Crypto Portfolio Optimization Part 2: Pareto Optimization

Crypto Portfolio Optimization Part 2: Pareto Optimization

In this article I will continue on crypto portfolio optimization. This time, return and risk are considered simulatenously which leads us to a Pareto optimization problem. In the following we are going to apply that to cryptocurrencies with the largest market capitalization.

Additional disclaimer: This is no investment advice or encouragement to buy Crypto. Please, do your own research before investing. This tutorial is only for educational purposes and therefore meant to explain simulation concepts using Python. Furthermore, all mentioned cryptocurrencies are just for illustrative purposes.

Portfolio Optimization

In the last article I was talking about correlation coefficients for crypto portfolio optimization.

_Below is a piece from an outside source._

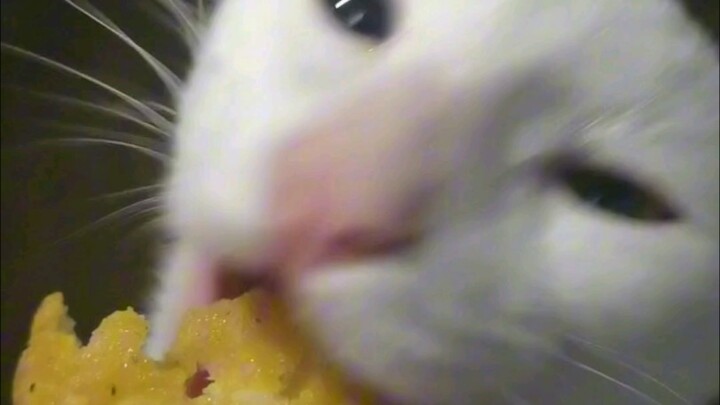 Chicken nuggets — the cat’s completely smitten!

This time we are going to consider the return and the volatility simultaneously. This means, we try to maximize the return while minimizing the volatility.

Therefore, this leads to an multicriteria optimization or Pareto optimization since we have 2 objectives: return, volatility. Sometimes, this is also called Markowitz portfolio optimization.

Pareto Optimization

Pareto optimization is an area of mathematical optimization problems, were more than one objective function is optimized simultaneously.

The result of this optimization process is usually a Pareto optimal solutions. These solutions are located on a so called Pareto frontier (efficient frontier). This means, these solutions can not be dominated by other solutions.

Sortino ratio

In the following we are using indicators in order to compare different portfolios.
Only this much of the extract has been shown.